Putting an end to the excessive increase of charter schools and school closings and working to raise the minimum wage to $15 an hour are a few changes Tara Stamps will work on enacting if she is elected 37th Ward alderman in the Feb. 24, election.
Stamps, a veteran classroom teacher and former educator at Leslie Lewis Elementary School, is running against incumbent alderman Emma Mitts; Leroy Duncan, a businessman and beat facilitator for Chicago Alternative Policing Strategies (CAPS); and Maretta Brown-Miller, a Chicago Park District staff assistant.
Stamps, who has been endorsed by the Chicago Teachers Union (CTU), is sharply critical of Ald.
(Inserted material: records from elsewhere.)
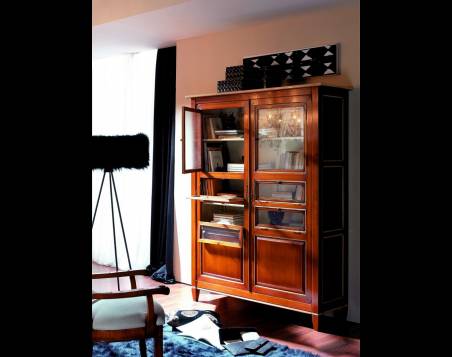 Vitrina Modelo Viena realizada en madera y cristal con puertas abatibles
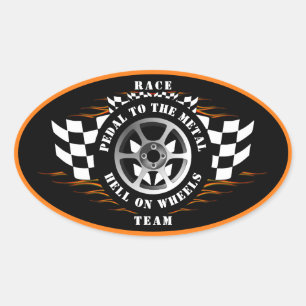 Rennsport-Autos Rennflagge Flammen Helm   Ovaler Aufkleber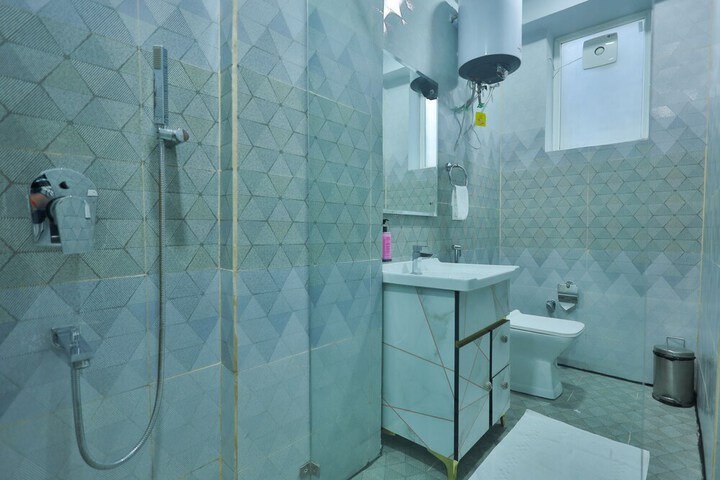 Room 15 of 21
Mitts’s educational track record, which she considers to be aligned with Mayor Emanuel’s approach to educational reform.
During a Jan. 17, campaign rally, Stamps called Mitts a “rubber stamp alderman [who] gives corporate handouts to feed corporate greed.”
“It’s horrible, they depend on you all to stay ignorant of the issues,” Stamps said during the rally, which was held at her office headquarters, 5112 W. North Ave.
“If I fail to deliver once this community blesses me with the opportunity to serve, get me,” said the former teacher.
Stamps said she taught at Lewis for several years and that it hurts to see zealots choosing to privatize public education, rather than make investments in public education.
“Why is it that charter schools are offered as the best? There’s no evidence that they’re doing a better job at educating students than regular schools,” Stamps said. “They have a bad track record of enrolling special education students at a very low rate, making themselves selective in a way.”
The veteran educator is also in favor of raising the minimum wage to $15 and said workers should yield enough money to care for their children, pay the bills, buy groceries and have a little money left over.
“If you work in this city, you should be able to have a job with not a minimum wage but a livable wage,” Stamps said Saturday during her campaign rally.
Last month, Chicago’s city council approved to raise the minimum wage to $13 an hour by 2019, according to media outlets.
Stamps said a $13 minimum wage in 2019 is the equivalent of the $8 minimum wage today.
She added that big box stores such as Walmart can afford to pay their employees a livable wage and that those stores have terrible labor practices.
“Because they pay [employees] so poorly, like a hamster on a wheel, they can never make a decent income. This locks our people in poverty,” Stamps said. “To not want the people who work for you to have a basic standard of living is so un-American and unpatriotic. What you’re saying is I want more, but at a cost to your daily life.”
The candidate said $15 an hour would be sufficient to raise families out of poverty, thereby changing the dynamics of communities and making them more viable.
Stamps, a lifelong Chicagoan, said that she’s spent the last twenty years working for strong neighborhood schools, good jobs and civil rights on the West Side of Chicago.
She has one daughter, two sons and is an alumna of Chicago Public Schools.
Stamps, who earned a B.A. from Central State University and two master’s degrees in education, is also the founding director of In the Company of Sisters, a theatre company dedicated to lifting up the voices of African-American women.